> Dataset entries
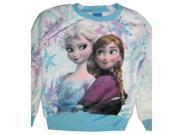 Disney Big Girls Sky blue Elsa Anna Frozen Long Sleeve Shirt 7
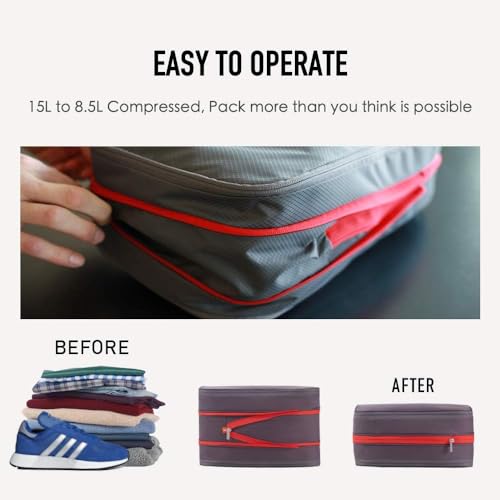 Bee Nesting 15L Compression Packing Cube Large Travel Organizer - color: Black Red, size: 15L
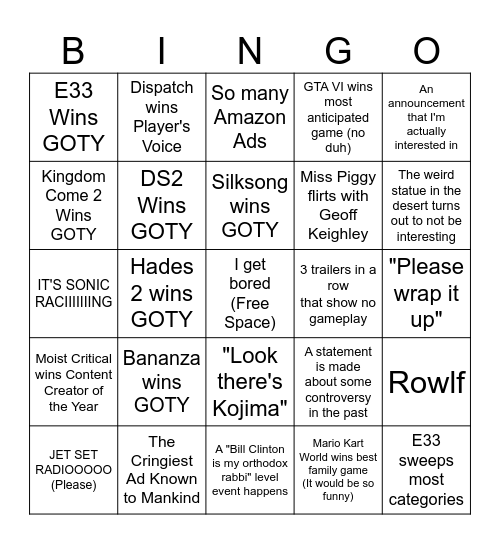 TGA 2025 Bingo Card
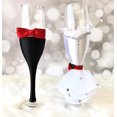thumbnail image 1 of Abbie Home Flûte à Champagne de Mariage pour Mariée et Marié en Noir et Blanc - Fête Réception Célébration Verres à Lancer avec Nœud Robe Rose Rouge et Strass (Ensemble de Verres), 1 of 4
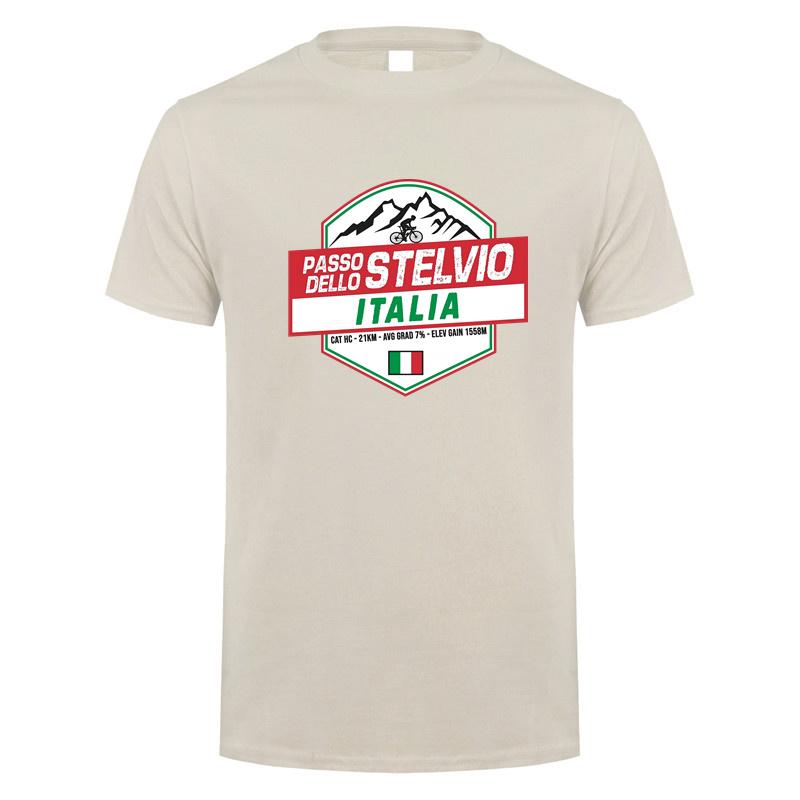 Passo Dello Stelvio Cycling Italy T Shirt Summer Fashion Unisex Unisex Short Sleeve Cool Streetwear Tops Cotton Unisexs Tshirt Dy196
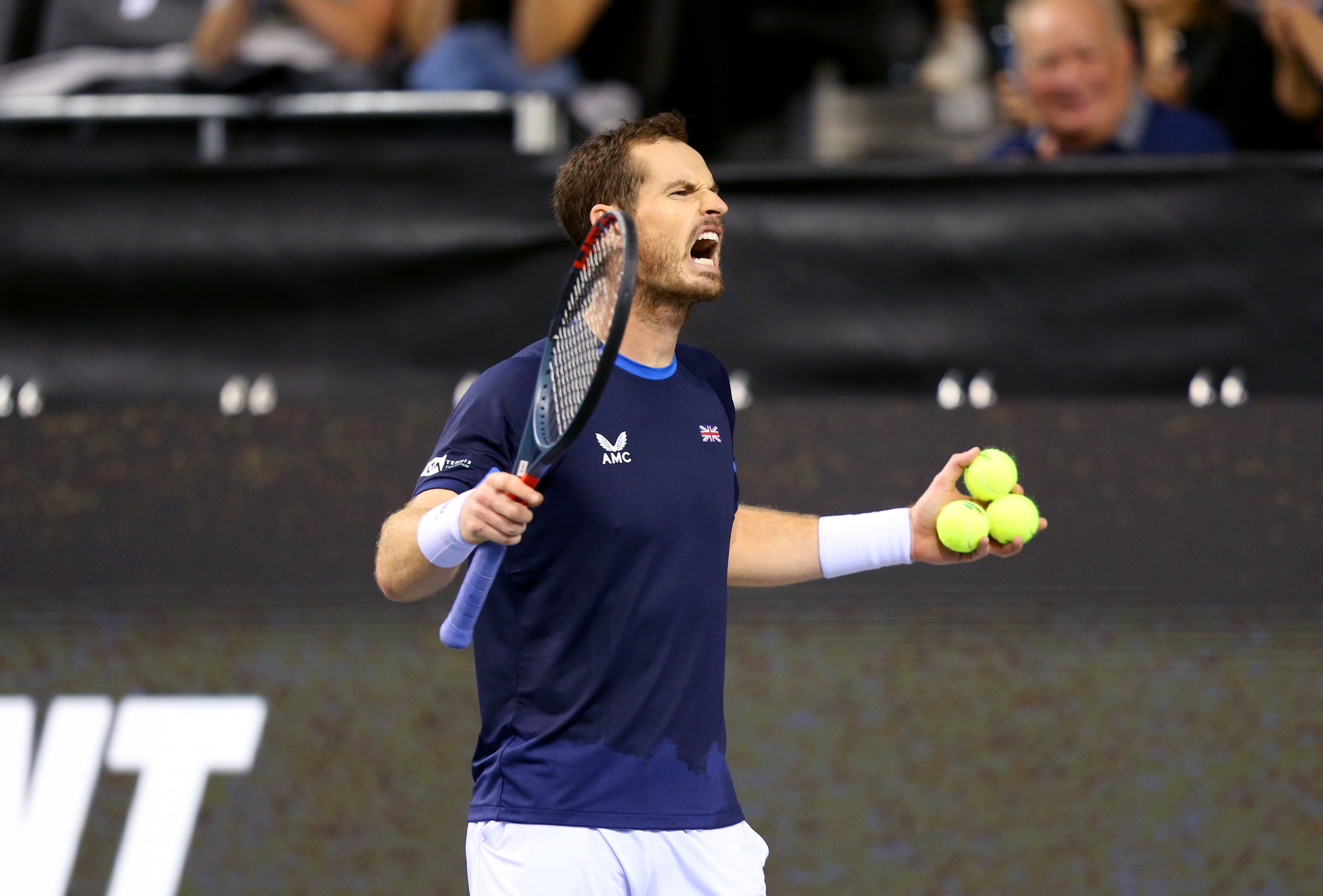 Andy Murray reacts after beating Kazakhstan’s Dmitry Popko (Robert Perry/PA)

> Work task
The answer must be an exact transcription of the lines from the one holding "Passo Dello Stelvio" to the last line of the entries above, with no pictures and nothing else.

> Answer to the exercise
 Passo Dello Stelvio Cycling Italy T Shirt Summer Fashion Unisex Unisex Short Sleeve Cool Streetwear Tops Cotton Unisexs Tshirt Dy196
 Andy Murray reacts after beating Kazakhstan’s Dmitry Popko (Robert Perry/PA)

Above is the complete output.